Kami memohon donasi dengan suka rela untuk mendukung situs ini, agar situs anda -islamqa.info – berkelanjutan dalam melayani Islam dan umat Islam insyaallah
Apa hukum ucapan saya berhak ini dan itu? Sering sekali kita dengarkan orang-orang mengatakan ungkapan semacam ini, saya layak untuk masuk ke sekolah itu, atau saya layak mendapatkan pekerjaan atau fulanah wanita sholeh itu layak mendapatkan lelaki yang sholeh. Apa hukum ucapan semacam itu. Hal itu dia lebih berhak ketika meyakini ada seseorang telah menzaliminya?
Alhamdulillah.
Memberikan sifat seseorang untuk dirinya atau untuk orang lain bahwa dia layak untuk urusan tertentu. Hal itu ada satu di antara dua kemungkinan:
Kemungkinan pertama: Bahwa orang yang mengucapkan perkataan semacam ini tidak ridha terhadap takdir Allah untuk dirinya dari apa yang dia harapkannya, seperti pekerjaan atau pernikahan dan semisalnya.

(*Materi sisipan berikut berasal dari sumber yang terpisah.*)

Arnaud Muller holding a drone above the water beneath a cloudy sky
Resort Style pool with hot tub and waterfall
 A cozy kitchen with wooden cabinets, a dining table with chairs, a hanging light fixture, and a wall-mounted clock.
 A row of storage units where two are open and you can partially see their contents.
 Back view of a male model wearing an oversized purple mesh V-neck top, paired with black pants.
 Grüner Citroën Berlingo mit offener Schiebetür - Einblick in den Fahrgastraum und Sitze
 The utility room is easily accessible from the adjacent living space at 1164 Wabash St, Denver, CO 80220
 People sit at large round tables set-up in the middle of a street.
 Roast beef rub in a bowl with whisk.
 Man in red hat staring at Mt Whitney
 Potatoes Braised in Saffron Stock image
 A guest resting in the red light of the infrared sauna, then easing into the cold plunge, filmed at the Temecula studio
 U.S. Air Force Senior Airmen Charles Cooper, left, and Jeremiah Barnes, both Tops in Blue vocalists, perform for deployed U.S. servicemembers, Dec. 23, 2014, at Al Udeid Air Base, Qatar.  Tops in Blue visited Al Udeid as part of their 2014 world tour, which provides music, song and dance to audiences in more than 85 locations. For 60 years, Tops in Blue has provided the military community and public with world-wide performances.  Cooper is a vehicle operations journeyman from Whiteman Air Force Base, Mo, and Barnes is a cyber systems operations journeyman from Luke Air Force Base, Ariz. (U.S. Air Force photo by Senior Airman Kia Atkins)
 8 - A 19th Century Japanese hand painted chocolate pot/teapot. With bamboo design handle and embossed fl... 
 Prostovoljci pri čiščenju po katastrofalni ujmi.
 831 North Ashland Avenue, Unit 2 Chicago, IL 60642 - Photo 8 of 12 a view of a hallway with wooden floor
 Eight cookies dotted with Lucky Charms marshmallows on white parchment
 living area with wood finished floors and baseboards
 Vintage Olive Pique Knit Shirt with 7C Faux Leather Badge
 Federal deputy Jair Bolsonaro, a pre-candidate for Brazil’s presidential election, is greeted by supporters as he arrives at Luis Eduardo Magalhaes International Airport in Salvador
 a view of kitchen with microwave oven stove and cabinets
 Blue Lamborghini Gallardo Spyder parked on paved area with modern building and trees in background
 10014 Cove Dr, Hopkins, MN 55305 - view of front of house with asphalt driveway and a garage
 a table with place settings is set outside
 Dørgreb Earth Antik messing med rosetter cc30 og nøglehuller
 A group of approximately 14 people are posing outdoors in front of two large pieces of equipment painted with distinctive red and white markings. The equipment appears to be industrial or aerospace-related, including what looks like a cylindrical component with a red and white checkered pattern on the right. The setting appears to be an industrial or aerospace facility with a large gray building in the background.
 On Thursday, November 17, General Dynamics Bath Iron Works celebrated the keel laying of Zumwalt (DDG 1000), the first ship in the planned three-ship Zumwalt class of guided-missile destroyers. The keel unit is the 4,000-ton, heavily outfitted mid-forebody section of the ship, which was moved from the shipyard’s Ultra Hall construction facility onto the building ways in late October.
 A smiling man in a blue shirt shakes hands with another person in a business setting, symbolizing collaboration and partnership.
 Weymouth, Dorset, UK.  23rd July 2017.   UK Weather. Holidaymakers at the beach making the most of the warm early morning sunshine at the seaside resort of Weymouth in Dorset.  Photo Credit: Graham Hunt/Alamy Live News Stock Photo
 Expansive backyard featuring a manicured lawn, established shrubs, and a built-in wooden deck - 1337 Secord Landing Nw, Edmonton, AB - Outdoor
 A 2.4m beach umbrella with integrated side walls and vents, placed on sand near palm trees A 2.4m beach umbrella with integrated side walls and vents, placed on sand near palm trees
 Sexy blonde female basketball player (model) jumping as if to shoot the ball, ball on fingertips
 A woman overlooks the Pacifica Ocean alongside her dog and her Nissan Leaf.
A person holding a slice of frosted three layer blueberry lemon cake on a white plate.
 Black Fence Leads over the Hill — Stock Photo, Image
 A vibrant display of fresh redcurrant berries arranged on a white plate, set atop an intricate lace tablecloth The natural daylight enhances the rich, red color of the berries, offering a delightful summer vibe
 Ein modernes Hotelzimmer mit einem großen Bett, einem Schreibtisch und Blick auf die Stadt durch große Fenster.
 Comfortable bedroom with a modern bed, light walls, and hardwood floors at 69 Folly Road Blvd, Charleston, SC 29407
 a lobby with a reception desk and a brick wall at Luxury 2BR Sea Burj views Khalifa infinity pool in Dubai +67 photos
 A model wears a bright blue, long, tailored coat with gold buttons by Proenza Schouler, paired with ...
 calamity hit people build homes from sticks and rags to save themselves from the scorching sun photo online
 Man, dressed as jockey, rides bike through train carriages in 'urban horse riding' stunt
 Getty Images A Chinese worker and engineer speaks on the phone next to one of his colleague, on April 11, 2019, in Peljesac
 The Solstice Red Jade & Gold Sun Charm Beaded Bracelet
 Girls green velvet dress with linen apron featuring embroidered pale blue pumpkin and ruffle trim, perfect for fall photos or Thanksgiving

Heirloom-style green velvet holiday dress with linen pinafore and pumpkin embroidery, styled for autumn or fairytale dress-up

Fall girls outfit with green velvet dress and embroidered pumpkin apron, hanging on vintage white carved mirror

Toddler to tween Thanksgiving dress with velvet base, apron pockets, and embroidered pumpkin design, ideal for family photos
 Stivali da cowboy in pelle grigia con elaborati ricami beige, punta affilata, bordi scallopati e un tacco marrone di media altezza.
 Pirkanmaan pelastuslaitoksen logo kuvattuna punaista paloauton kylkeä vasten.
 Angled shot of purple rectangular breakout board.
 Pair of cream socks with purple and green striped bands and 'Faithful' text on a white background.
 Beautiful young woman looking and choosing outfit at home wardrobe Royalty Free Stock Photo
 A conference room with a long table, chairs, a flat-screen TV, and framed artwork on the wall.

Tidak diragukan bahwa ungkapan semacam ini dengan tujuan tersebut adalah suatu kesesatan yang nyata. Dimana hal itu termasuk menyematkan kezaliman kepada Allah Ta’ala. Atau menganggapnya tidak mempunyai ilmu atau tidak bijaksana. Dan Allah berlepas diri akan hal itu sejauh-jauhnya. Allah ta’ala berfirman:
إِنَّ اللَّهَ لَا يَظْلِمُ النَّاسَ شَيْئًا وَلَكِنَّ النَّاسَ أَنْفُسَهُمْ يَظْلِمُونَ
سور يونس: 44
“Sesungguhnya Allah tidak berbuat zalim kepada manusia sedikitpun, akan tetapi manusia itulah yang berbuat zalim kepada diri mereka sendiri.” (QS. Yunus : 44)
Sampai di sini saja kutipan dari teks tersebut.